Task brief ->
Starting at the line that holds "Fall River Apartment" and stopping at the line that holds "ผานพรวนและ โรตารี่ ขายรถไถ", restate the records below word for word, with both of those lines included.

┄┄┄┄┄┄┄┄┄┄┄┄┄┄┄┄┄┄┄┄

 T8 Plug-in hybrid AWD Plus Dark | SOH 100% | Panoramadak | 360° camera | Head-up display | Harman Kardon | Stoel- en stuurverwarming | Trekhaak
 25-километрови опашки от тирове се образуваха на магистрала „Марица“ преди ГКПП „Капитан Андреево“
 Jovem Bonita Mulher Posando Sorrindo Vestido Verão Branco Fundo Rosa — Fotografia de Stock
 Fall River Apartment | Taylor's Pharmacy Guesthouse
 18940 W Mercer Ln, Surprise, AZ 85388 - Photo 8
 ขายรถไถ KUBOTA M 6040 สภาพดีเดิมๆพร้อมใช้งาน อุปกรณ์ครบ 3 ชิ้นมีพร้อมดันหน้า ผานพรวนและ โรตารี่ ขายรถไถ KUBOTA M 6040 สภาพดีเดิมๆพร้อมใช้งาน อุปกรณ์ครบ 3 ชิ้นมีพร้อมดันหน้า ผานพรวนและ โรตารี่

┄┄┄┄┄┄┄┄┄┄┄┄┄┄┄┄┄┄┄┄

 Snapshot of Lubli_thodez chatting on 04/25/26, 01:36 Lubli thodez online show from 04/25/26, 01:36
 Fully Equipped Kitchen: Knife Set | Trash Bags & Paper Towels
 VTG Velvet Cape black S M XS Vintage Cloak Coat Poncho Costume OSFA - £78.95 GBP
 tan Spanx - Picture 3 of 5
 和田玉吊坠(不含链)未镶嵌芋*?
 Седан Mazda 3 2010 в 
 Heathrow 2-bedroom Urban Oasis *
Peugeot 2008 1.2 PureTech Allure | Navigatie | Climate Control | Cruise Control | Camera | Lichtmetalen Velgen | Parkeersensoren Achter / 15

┄┄┄┄┄┄┄┄┄┄┄┄┄┄┄┄┄┄┄┄

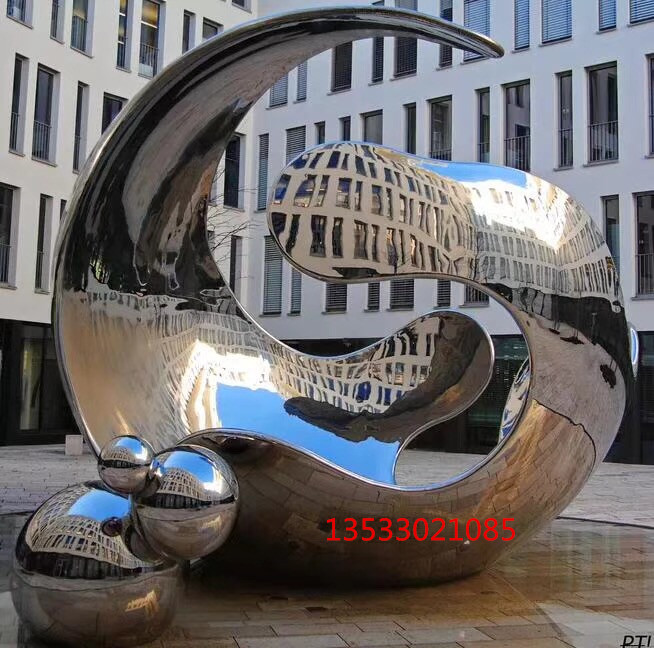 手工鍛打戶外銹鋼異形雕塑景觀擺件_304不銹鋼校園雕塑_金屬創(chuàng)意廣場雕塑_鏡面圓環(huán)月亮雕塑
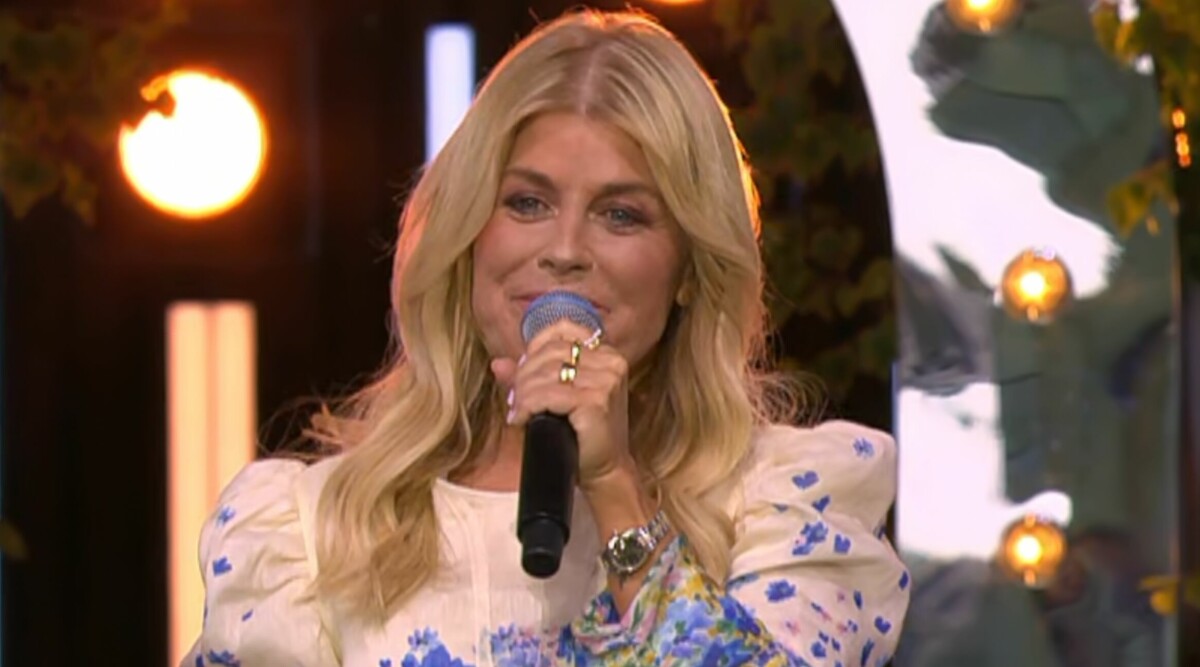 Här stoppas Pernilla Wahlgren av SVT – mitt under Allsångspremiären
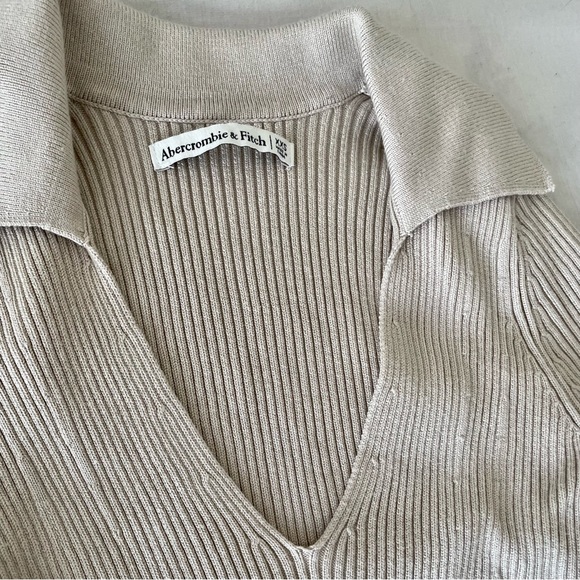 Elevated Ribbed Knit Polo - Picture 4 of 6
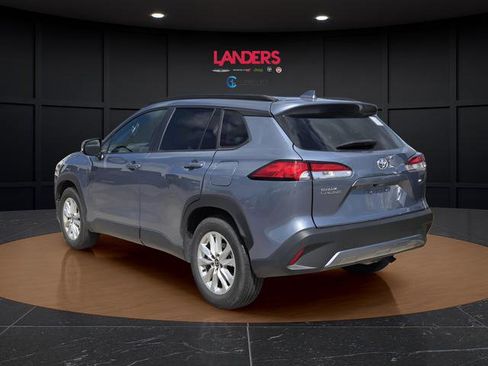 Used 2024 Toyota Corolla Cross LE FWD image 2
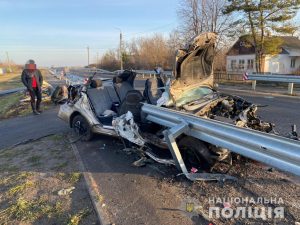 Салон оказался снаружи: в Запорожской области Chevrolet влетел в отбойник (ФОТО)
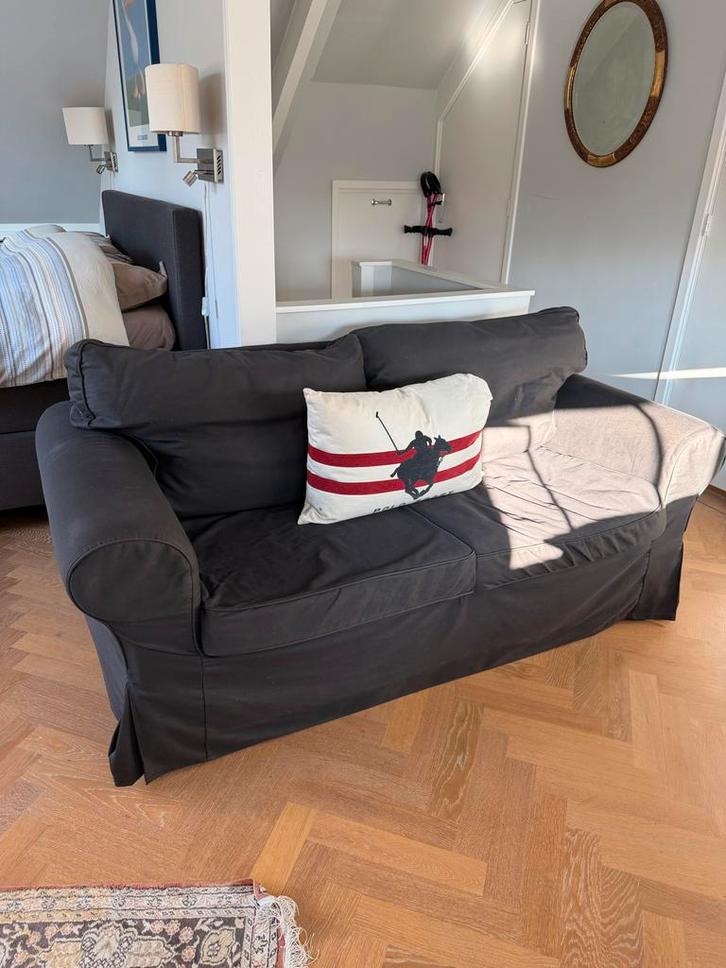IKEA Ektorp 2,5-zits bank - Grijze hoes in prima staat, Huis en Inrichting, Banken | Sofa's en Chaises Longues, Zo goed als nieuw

┄┄┄┄┄┄┄┄┄┄┄┄┄┄┄┄┄┄┄┄

Result ->
 Fall River Apartment | Taylor's Pharmacy Guesthouse
 18940 W Mercer Ln, Surprise, AZ 85388 - Photo 8
 ขายรถไถ KUBOTA M 6040 สภาพดีเดิมๆพร้อมใช้งาน อุปกรณ์ครบ 3 ชิ้นมีพร้อมดันหน้า ผานพรวนและ โรตารี่ ขายรถไถ KUBOTA M 6040 สภาพดีเดิมๆพร้อมใช้งาน อุปกรณ์ครบ 3 ชิ้นมีพร้อมดันหน้า ผานพรวนและ โรตารี่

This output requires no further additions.